No Brasil, a busca pela superação do paradigma do racismo e pela conquista da cidadania efetiva da população negra será o resultado da dinâmica de organização e ampliação das articulações do movimento negro somadas a uma perspectiva mais ampla das lutas sociais e a efetividade de incidência junto aos tomadores de decisões, em suas diversas instâncias de poder, sendo o Sistema de Justiça uma delas.

Em um país de maioria negra (56%) é contrastante a maioria branca da magistratura brasileira. O levantamento produzido pelo Conselho Nacional de Justiça (CNJ), em 2023, mostrou que apenas 15% de todos os magistrados brasileiros se autodeclaram negros. O menor percentual de magistrados negros foi registrado na esfera militar (3%), nas cortes superiores (11%) e na Justiça Federal (14%).

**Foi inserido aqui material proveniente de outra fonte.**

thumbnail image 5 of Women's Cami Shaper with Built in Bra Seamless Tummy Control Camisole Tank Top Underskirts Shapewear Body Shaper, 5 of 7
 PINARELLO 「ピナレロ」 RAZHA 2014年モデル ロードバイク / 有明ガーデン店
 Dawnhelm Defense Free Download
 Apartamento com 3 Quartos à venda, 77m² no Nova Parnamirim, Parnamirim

A maior presença de magistrados negros registrados pela pesquisa está na Justiça do Trabalho (16%) e neste tribunal que está o menor percentual de juízes negros, o TRT-4, com 2%.

Os dados apresentados no levantamento nos permitem também apontar que o Poder Judiciário brasileiro está longe de representar a diversidade racial da população brasileira, que se socorre da tutela jurisdicional para preservar sua liberdade, seus bens e resolver seus conflitos de interesses.

É no mínimo constrangedor que a grande maioria dos brasileiros não possa se referenciar em juízes que se pareçam conosco ou que, minimamente, possam dividir experiências de vida pela qual nós também passamos em nossos cotidianos.

Para ampliar a representatividade negra no Sistema de Justiça como um todo é fundamental que sejam criados instrumentos que viabilizem ações concretas para identificação, prevenção e superação da discriminação institucional no âmbito de todos os Tribunais da Federação, desde a instituição da política de cotas nos concursos públicos, assim como a garantia de ações afirmativas nas vagas que demandam indicações do chefe do Poder Executivo.

Diante da janela de oportunidade que se abre com a aposentadoria da ministra do STF, Rosa Weber, é preciso pautar não só a urgência do Brasil em ter, pela primeira vez, uma ministra mulher e negra, mas também criar as condições para ampliar a presença negra no âmbito de todos os Tribunais da Federação. Essa mudança pode ampliar inclusive o próprio entendimento da Justiça, afinal as decisões tomadas pelos juízes refletem invariavelmente o lugar social que ocupam e seus interesses.

Mais de nós no Poder Judiciário fará com que as decisões tomadas estejam mais próximas da realidade do povo brasileiro.

Ter uma ministra negra mulher no STF é uma questão, para além da representatividade, de reparação histórica e também significa um fio de esperança para fazer avançar pautas, como o combate ao encarceramento em massa da juventude negra.

Se no passado, diferentes políticas públicas limitaram o acesso de pessoas negras à educação e, consequentemente, aos espaços de poder (os negros foram proibidos de frequentar as escolas públicas nos períodos imperial e republicano, por exemplo), hoje, precisamos fazer, por meio das políticas públicas, com que estes espaços se abram para a diversidade e para a representatividade negras em suas instâncias.